Being in this House and representing our constituents is a grave responsibility. The job does not come and go—we do not want people who try a bit of time as Chancellor of the Exchequer and a bit of time as Prime Minister but then disappear. The great people who have been at that Dispatch Box are the people who have had values, showed leadership, and led this country in good time and in bad times. The fact of the matter is that we are heading for a very bad time indeed if we leave the European Union on bad terms, but that was not mentioned. The Chancellor of the Exchequer, at this time of crisis and impending disaster for our country, did not have the courage to mention Brexit more than once—that is the truth, and my constituents want me to say that today.

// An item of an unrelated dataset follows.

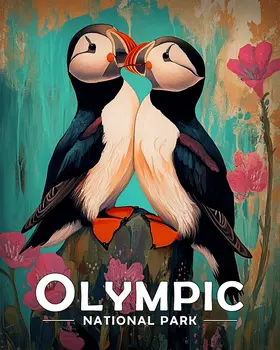 Folk Art Puffins - Olympic Souvenir Art Prints - 8"x10" Artwork for 11"x14" Frame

At this time of the year, I am, like many in the Chamber, wearing my poppy. I have just been reading a lovely new history about the first world war. The fact is that right in the middle of that war, everybody knew that it was unwinnable and that more and more young men were going to die. Of course, the real responsibility for the first world war lies with us—the politicians. Politicians failed the people of this country. German politicians failed their people, as did French politicians. It was politicians who did it, and they went on killing more and more young people. That was a failure of leadership, a failure of values, a failure of responsibility and a failure to make courageous decisions at the Dispatch Box. We are heading in that direction—not particularly into war, but into the most troubled times when our people will come out impoverished, miserable and unhappy. That will hurt their health, their education and their chance of a good life. For my part, I will do everything that I can to stop the disaster that those on the Government Benches have wished on our people.